İki ülke arasındaki ilk ısınma hareketi 2018 PyeongChang Kış Olimpiyat Oyunları vesilesiyle yaşandı. Güney Kore’nin ev sahibi olduğu bu organizasyona katılan iki devletin sporcuları açılış töreninde “Birleşik Kore” bayrağı altında yürüyerek dünya kamuoyuna “barış ve birlik” mesajları vermişti. Bu gelişmenin ardından, ABD ve Çin tarafından da dünya kamuoyuna olumlu mesajlar pompalanmaya başlandı. Kuzey Kore lideri Kim Jong-un ise ABD ve Güney Kore ile görüşmelerin olumlu devam etmesi durumunda tüm nükleer tesislerini kapatabileceğini ve nükleer programına son verebileceğini açıklıyordu. Bu gelişmeleri ABD’nin diplomatik atağı izledi. ABD Başkan Donald Trump, Dışişleri Bakanı olarak atadığı CIA direktörü Mike Pompeo’yu Trump-Kim görüşmesini sağlamak için gizlice Kuzey Kore’ye gönderdi. Trump, şimdi Kim Yong-un ile yüz yüze görüşmeye hazırlanıyor.
Tüm bu gelişmeleri taçlandıran ve tarihsel önemde bir adım olarak sunulan olay, 27 Nisan 2018 tarihinde Kuzey Kore lideri Kim Jong-un ve Güney Kore lideri Moon Jae-in görüşmesi oldu. 1953’ten bu yana ilk kez bir Kuzey Kore lideri Güney Kore’ye gitti.

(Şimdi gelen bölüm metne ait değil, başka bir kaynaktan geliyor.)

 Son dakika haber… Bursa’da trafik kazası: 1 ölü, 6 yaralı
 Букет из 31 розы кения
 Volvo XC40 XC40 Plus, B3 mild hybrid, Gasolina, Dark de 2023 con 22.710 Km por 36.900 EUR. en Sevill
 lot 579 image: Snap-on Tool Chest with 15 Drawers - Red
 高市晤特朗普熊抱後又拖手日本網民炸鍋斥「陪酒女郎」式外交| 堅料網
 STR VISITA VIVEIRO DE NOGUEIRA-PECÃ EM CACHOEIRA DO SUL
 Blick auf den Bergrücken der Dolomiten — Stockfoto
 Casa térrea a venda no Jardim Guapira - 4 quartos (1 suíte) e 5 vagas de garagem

Dikilen barış ağaçları eşliğinde ortak deklarasyon yayımlayan iki lider, “Buraya barış ve refah ekiyoruz” ifadesiyle dünya kamuoyunun karşısına çıktılar.

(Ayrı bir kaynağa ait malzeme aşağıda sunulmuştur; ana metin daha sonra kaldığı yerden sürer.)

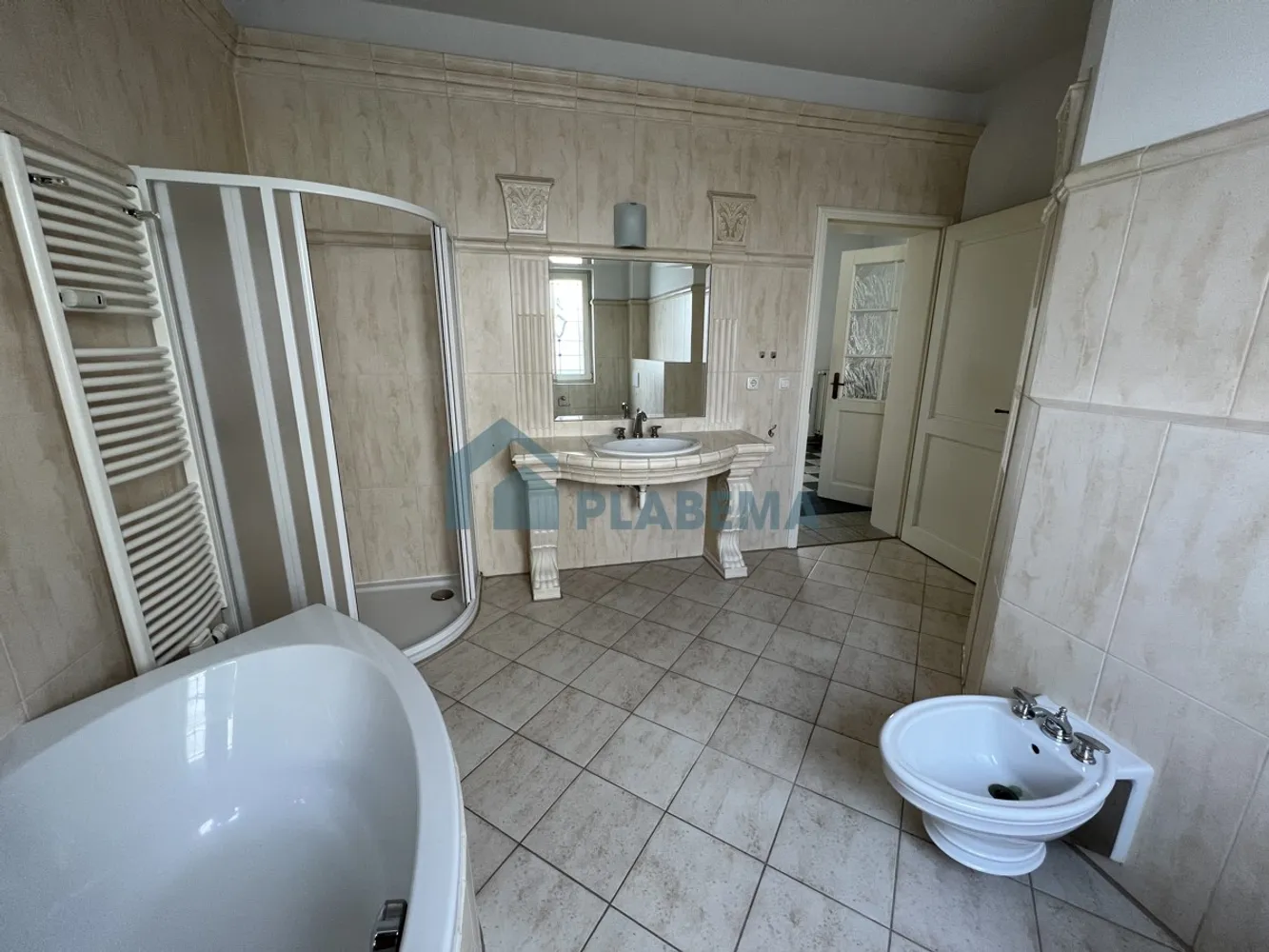 3 Zimmer Wohnung mit 132 m² in Güstrow – Bild 11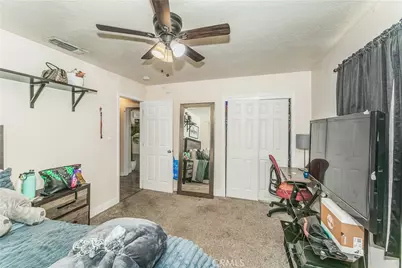 2467 S Holloway Avenue, Fresno, CA 93725 - Photo 21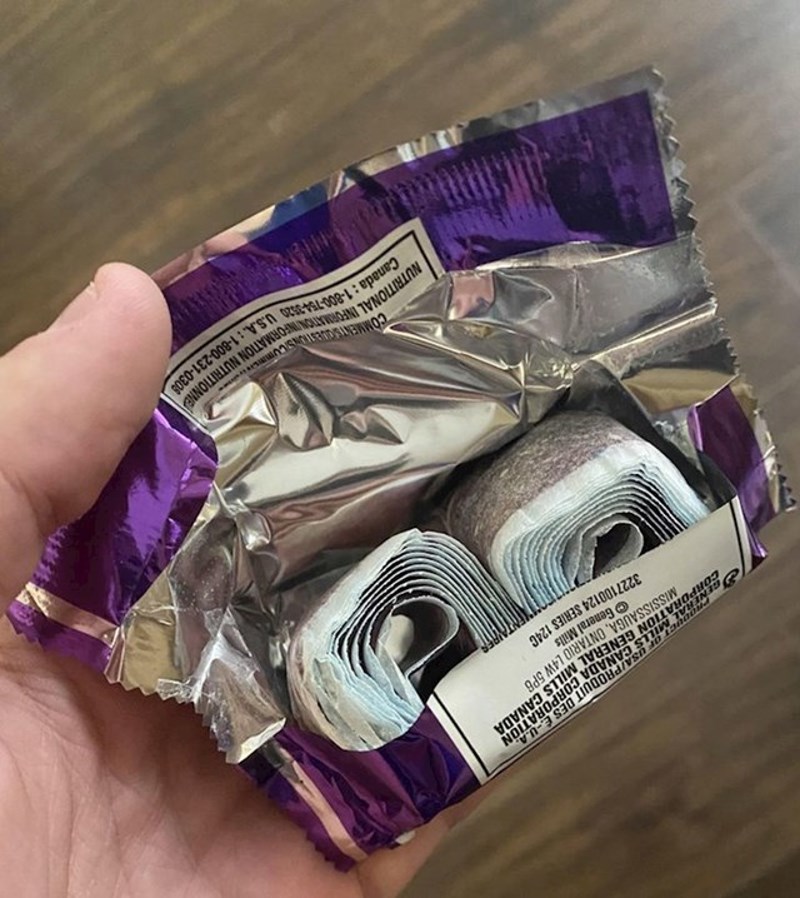 7. Otvorio je pakiranje i ugodno se iznenadio!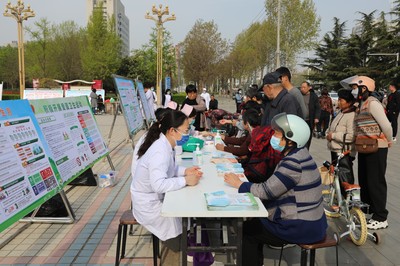 中牟縣開展第36個愛國衛生月集中宣傳活動 企業參與構筑健康防線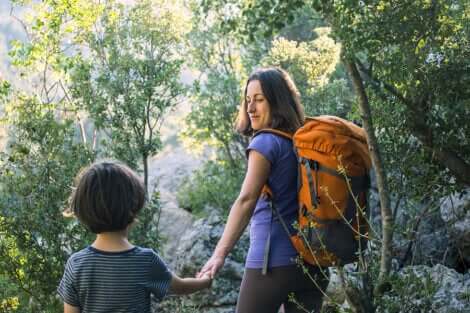 Madre e figlio a passeggio nei boschi.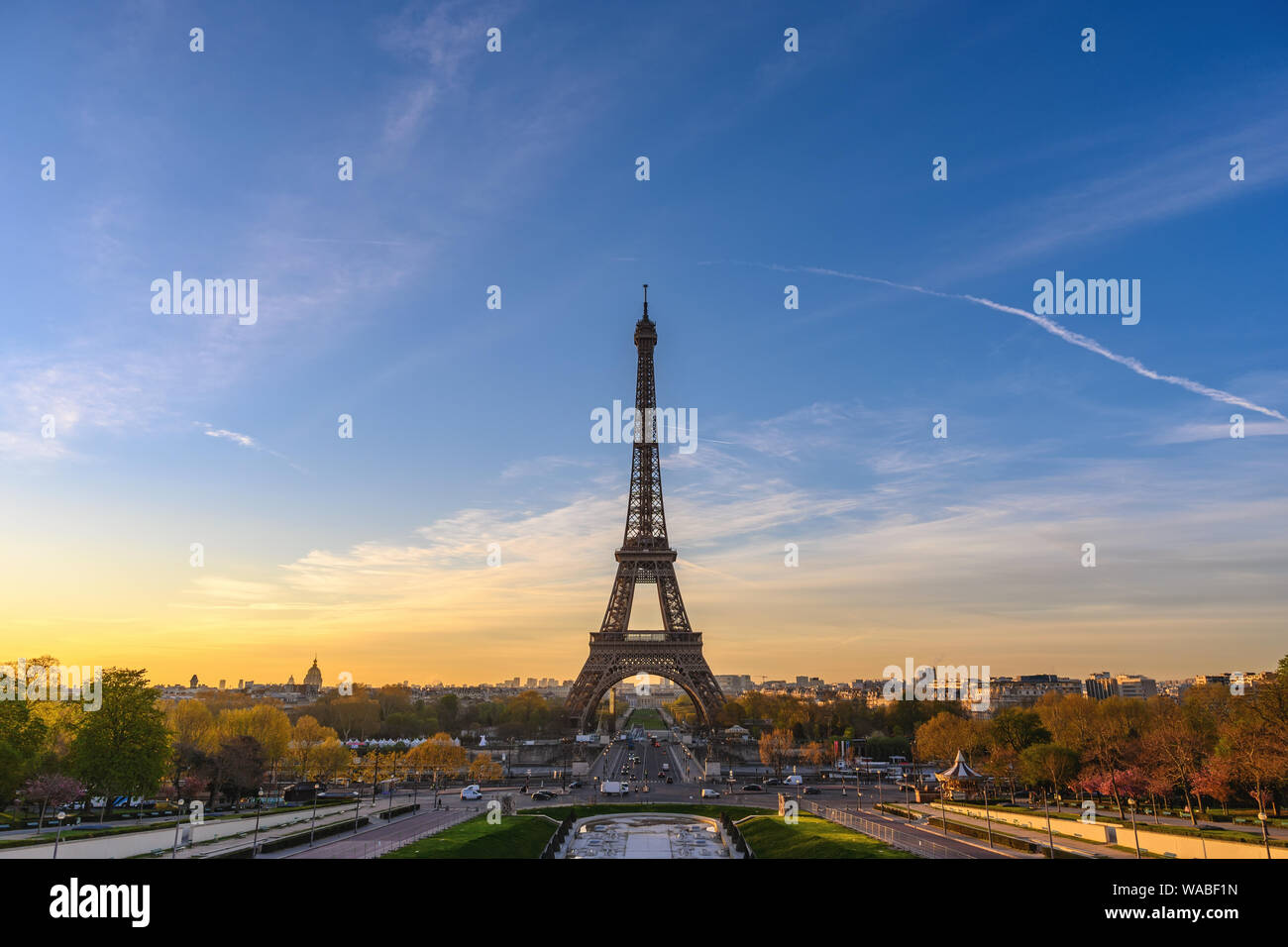 París, Francia La ciudad de la salida del sol en los jardines del Trocadero y la Torre Eiffel Foto de stock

“İki lider 80 milyonluk Kore halkının ve tüm dünyanın önünde Kore Yarımadası’nda bundan böyle savaş olmayacağını ve yeni bir barış devrinin açıldığını resmen ilan eder” sözlerinin yer aldığı deklarasyonun imzalanmasından sonra, iki lider ortak basın toplantısı yaptı. Güney Kore lideri Moon, toplantıda, “Kore Yarımadası’nda artık savaş olmayacak. Yeni bir barış dönemi başladı” diyerek, asla geri dönmeyeceklerini ileri sürdü. Moon, “Bu Kore Yarımadası’nın tamamen nükleer silahlardan arındırılmasının başlangıcı olacak” açıklamasıyla iyimserliğini ve umudunu dile getirdi. Kuzey Kore Lideri Kim ise, “Önümüzde öfkeli insanların ve tepkilerin çıkaracağı engeller olabilir fakat acısız zafer olmaz. Tek soy, tek kültür ve tek millet ayrılamaz. Biz aslında kardeşiz. Umarım bir araya gelip yeni bir geleceği başlatabiliriz” açıklamasında bulundu.

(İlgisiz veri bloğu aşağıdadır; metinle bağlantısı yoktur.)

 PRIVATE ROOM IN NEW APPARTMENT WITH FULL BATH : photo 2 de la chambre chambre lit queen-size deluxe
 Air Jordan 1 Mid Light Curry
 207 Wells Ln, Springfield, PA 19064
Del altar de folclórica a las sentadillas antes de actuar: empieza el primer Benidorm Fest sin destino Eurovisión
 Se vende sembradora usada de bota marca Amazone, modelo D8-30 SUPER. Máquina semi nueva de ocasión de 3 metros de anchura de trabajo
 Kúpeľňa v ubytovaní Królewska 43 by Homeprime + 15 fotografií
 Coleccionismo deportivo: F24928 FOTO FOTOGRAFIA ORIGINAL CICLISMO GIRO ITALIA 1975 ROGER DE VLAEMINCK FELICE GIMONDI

11 yıl sonra ilk kez iki ülke sınırında yer alan Panmunjom Ateşkes Köyü’nde bir araya gelen liderler, Kore Yarımadası’nın nükleer silahlardan arındırılması ve mevcut ateşkesin kalıcı barış anlaşmasına dönüştürülmesinde anlaşan bir deklarasyon da imzaladılar.
Bu gelişmeler hemen tüm dünyada memnuniyet yarattı. Bölgedeki sorunun dolaysız muhatapları olan ABD, Çin ve Rusya gibi büyük emperyalist devler de bu gelişmeleri ve imzalanan deklarasyonu memnuniyetle karşıladılar.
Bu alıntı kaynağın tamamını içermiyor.